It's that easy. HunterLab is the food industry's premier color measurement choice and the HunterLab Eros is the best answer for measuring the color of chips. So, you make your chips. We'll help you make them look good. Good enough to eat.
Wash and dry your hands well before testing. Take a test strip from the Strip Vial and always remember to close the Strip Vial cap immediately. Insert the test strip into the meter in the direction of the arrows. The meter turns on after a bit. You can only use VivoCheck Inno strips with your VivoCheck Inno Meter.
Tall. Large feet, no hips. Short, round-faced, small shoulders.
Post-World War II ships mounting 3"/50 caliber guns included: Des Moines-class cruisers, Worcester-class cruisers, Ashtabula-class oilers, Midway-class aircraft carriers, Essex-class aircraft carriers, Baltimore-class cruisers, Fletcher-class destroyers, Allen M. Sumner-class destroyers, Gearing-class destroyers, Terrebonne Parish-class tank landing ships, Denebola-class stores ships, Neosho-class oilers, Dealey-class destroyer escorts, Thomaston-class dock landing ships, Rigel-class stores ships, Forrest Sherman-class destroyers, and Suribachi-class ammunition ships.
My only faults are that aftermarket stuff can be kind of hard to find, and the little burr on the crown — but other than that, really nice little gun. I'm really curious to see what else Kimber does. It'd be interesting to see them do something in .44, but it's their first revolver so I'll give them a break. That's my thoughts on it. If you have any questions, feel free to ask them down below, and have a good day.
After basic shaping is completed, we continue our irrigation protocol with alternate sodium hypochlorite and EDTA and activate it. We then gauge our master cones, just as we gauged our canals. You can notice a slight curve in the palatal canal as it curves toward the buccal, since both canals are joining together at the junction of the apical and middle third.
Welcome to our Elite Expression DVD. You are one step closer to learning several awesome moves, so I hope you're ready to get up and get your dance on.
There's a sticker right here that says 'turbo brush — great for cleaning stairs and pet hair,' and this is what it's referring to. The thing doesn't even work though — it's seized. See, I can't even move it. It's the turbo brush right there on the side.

⁂

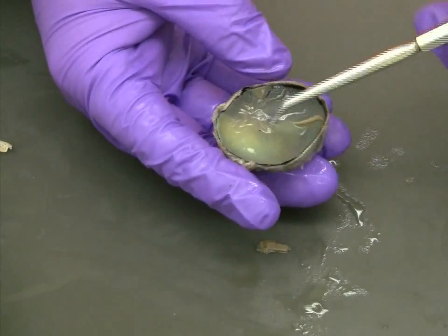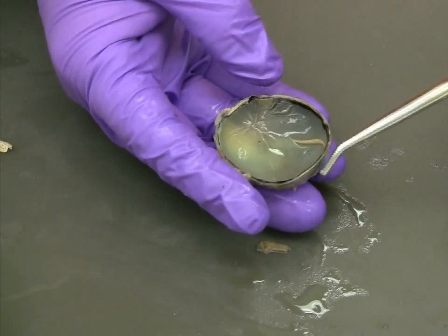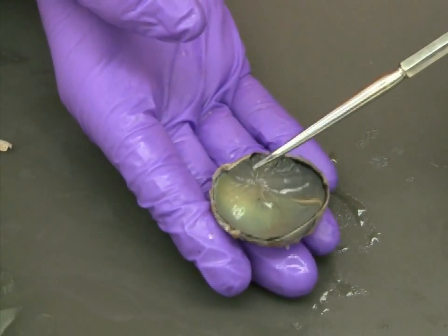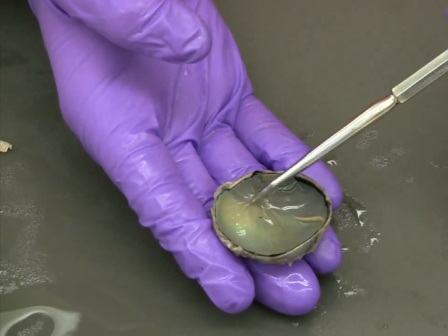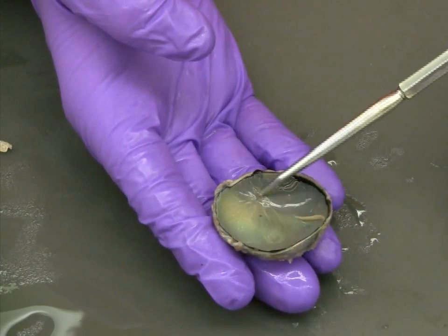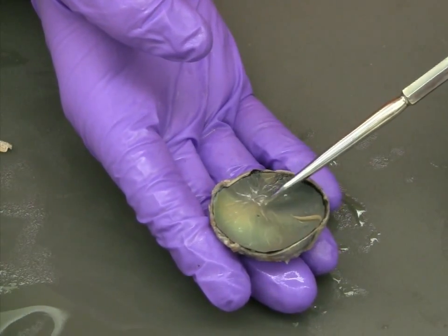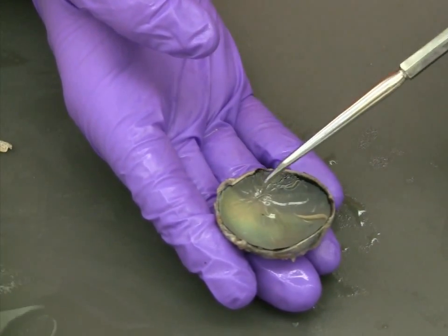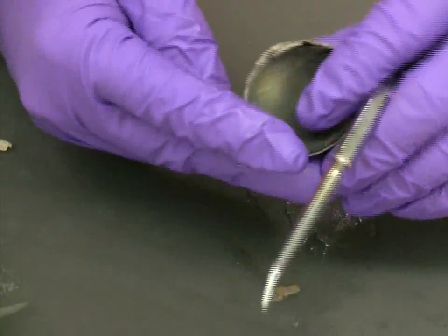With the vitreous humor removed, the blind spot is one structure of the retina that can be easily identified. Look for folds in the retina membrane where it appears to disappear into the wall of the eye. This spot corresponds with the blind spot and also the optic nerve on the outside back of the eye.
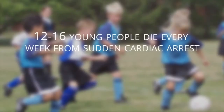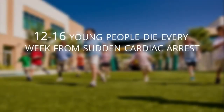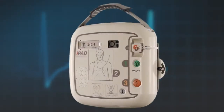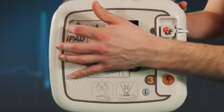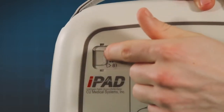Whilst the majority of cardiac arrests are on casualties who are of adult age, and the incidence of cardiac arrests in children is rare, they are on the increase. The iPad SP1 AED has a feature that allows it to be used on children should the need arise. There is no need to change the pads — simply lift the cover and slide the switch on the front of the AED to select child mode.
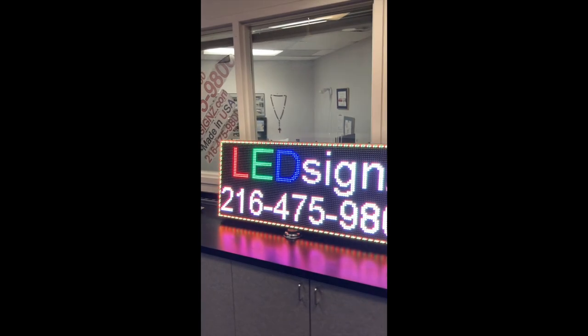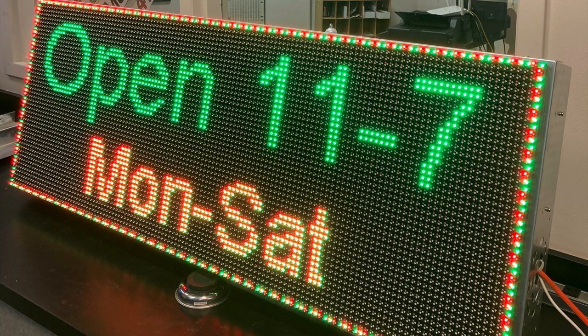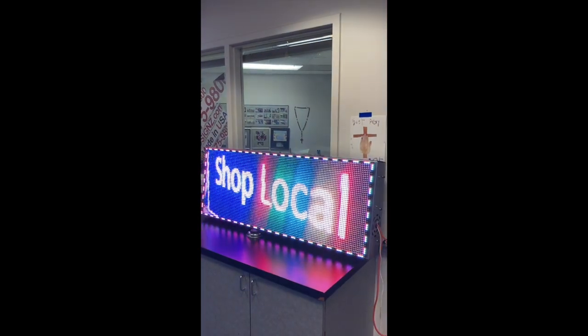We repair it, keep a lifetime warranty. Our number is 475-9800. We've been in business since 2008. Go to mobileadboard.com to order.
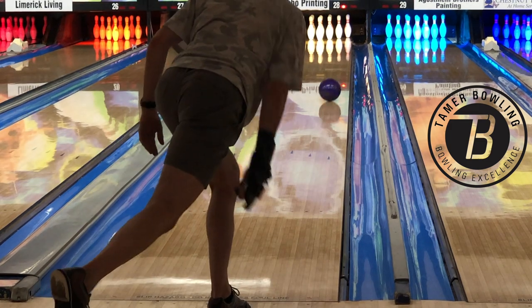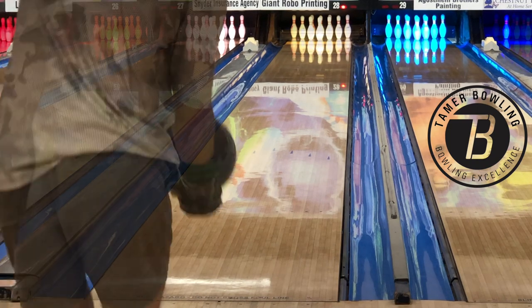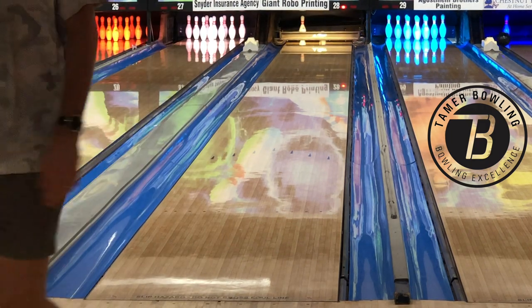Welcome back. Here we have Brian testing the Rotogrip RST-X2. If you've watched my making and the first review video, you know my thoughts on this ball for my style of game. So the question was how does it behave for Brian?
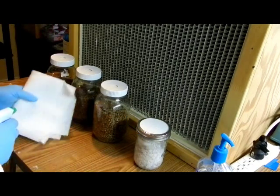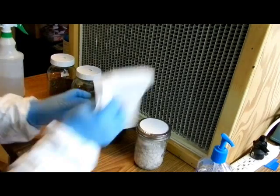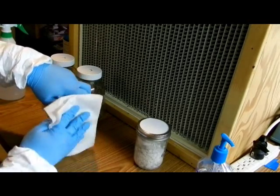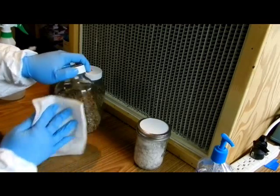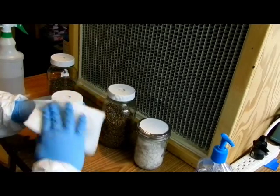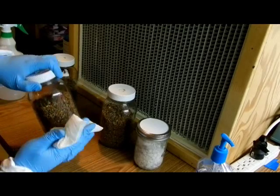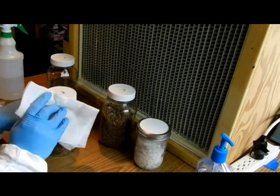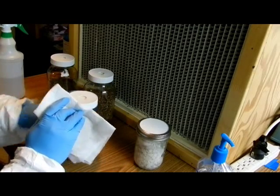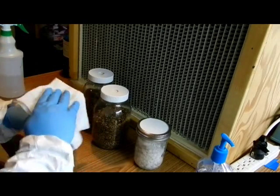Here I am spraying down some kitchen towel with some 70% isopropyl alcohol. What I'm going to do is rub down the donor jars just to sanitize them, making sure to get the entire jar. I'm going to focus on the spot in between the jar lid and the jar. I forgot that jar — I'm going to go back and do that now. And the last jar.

⁂

### WORK TO COMPLETE
Out of the data above, give again only the lines starting at the one holding "Wash and dry" and ending at the one holding "My only faults", unchanged.

### EXERCISE RESULT
Wash and dry your hands well before testing. Take a test strip from the Strip Vial and always remember to close the Strip Vial cap immediately. Insert the test strip into the meter in the direction of the arrows. The meter turns on after a bit. You can only use VivoCheck Inno strips with your VivoCheck Inno Meter.
Tall. Large feet, no hips. Short, round-faced, small shoulders.
Post-World War II ships mounting 3"/50 caliber guns included: Des Moines-class cruisers, Worcester-class cruisers, Ashtabula-class oilers, Midway-class aircraft carriers, Essex-class aircraft carriers, Baltimore-class cruisers, Fletcher-class destroyers, Allen M. Sumner-class destroyers, Gearing-class destroyers, Terrebonne Parish-class tank landing ships, Denebola-class stores ships, Neosho-class oilers, Dealey-class destroyer escorts, Thomaston-class dock landing ships, Rigel-class stores ships, Forrest Sherman-class destroyers, and Suribachi-class ammunition ships.
My only faults are that aftermarket stuff can be kind of hard to find, and the little burr on the crown — but other than that, really nice little gun. I'm really curious to see what else Kimber does. It'd be interesting to see them do something in .44, but it's their first revolver so I'll give them a break. That's my thoughts on it. If you have any questions, feel free to ask them down below, and have a good day.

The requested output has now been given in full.